One survivor from Laputta township told Mizzima, "My friends have nothing to eat or drink. They're starving." Laputta is situated at the mouth of Bay of Bengal.
According to the man, most of the suvivors are now taking refuge in the town of Laputta, in monasteries and schools. He himself made his way to Yangon to in the hope of getting aid from friends there.
He informed Mizzima that survivors themselves have had to carry out rescue operations, including retrieving the bodies of victims. However, constraints in resources meant that many of the bodies are still left in the water. Some villages are also still submerged in water.
The man, who wished to remain anonymous, added:
"We had a small ceremony for my friend's family who perished. But we couldn't find their bodies. I doubt we'll ever find them."

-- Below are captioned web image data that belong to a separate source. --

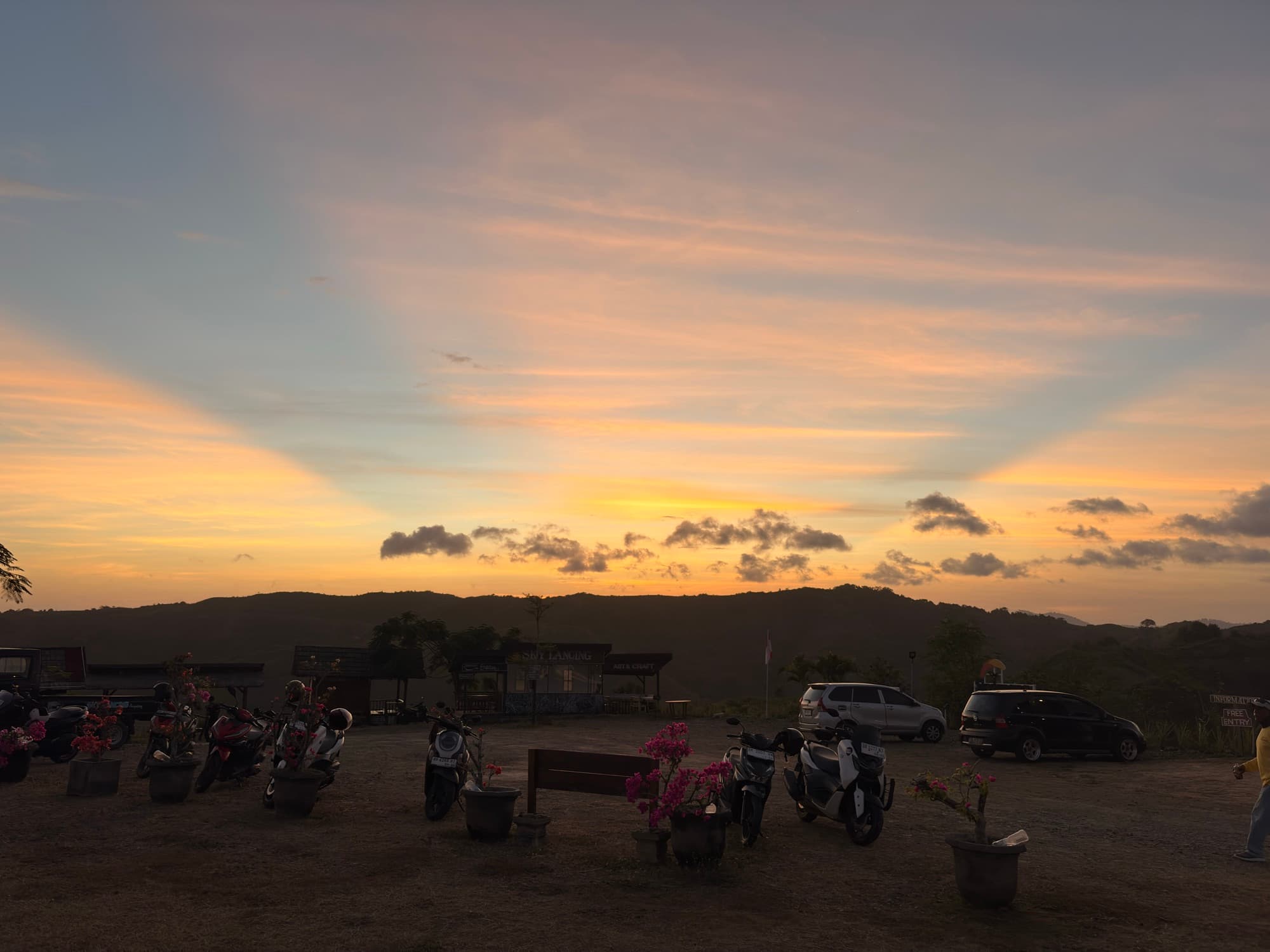 Sonnenuntergang an einem Aussichtspunkt, Roller und Leute im Vordergrund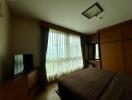 Well-lit bedroom with large window, bed, wardrobe, TV and curtains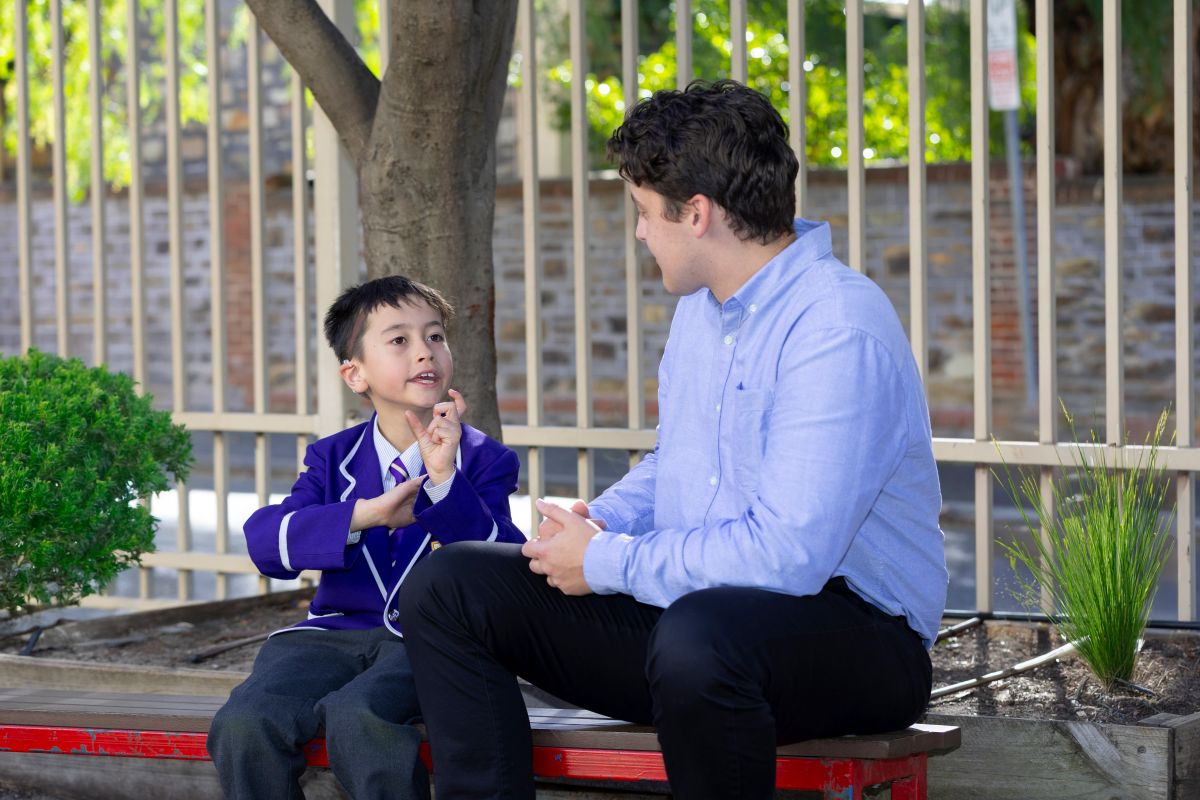 A man and a boy sit together on a bench, enjoying a moment of companionship in a park setting.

He is one of the luckier ones who managed to escape the cyclone. His whole family survived. The residents, many of whom have lived along the coast all their lives, could not anticipate the magnitude of destuction that the cyclone brought upon them.
"We didn't even have time to run."
He told Mizzima that most of the villages were simply swept away by the cyclone, and many people were still unaccounted for. While he could not gave an accurate number of how many villages are in the area, he estimated that the number could be anywhere from 24 to 50.
"In the next village, only about 200 remain, out of a population of about 5000."
He said that most of his villagers survived the cyclone. However, the cyclone destroyed not only their houses, but also water wells, forcing the survivors to move into nearby towns such as the town of Laputta and Myaung Mya.
"There are corpses in the water wells, so the water is contaminated. And since we have nothing else to eat or drink, we had no choice but to move to the towns."
As the military government is refusing to let foreign aid workers enter the country, international aid agencies are still unable to get a clear picture of the extent of destruction or the aid required.
"We are still trying to see what is needed. We have not started distributing anything yet",said a Burmese aid worker who wished to remain anonymous.
The man, who had just recently returned from the Irrawady Delta region, added that the government was not allowing any foreigners to enter the area.
"They're only allowing local people to go in."
While the international community has sent hundreds of thousands worth of emergency supplies, as of Friday night, any of it has yet to reach the delta, the worst hit region. Distribution channels are already in place in some of the affected regions in Yangon state.
World's Food Programme Spokesman, Mr Paul Risley, told Mizzima on Friday that WFP will distribute 7 tonnes of high energy biscuits.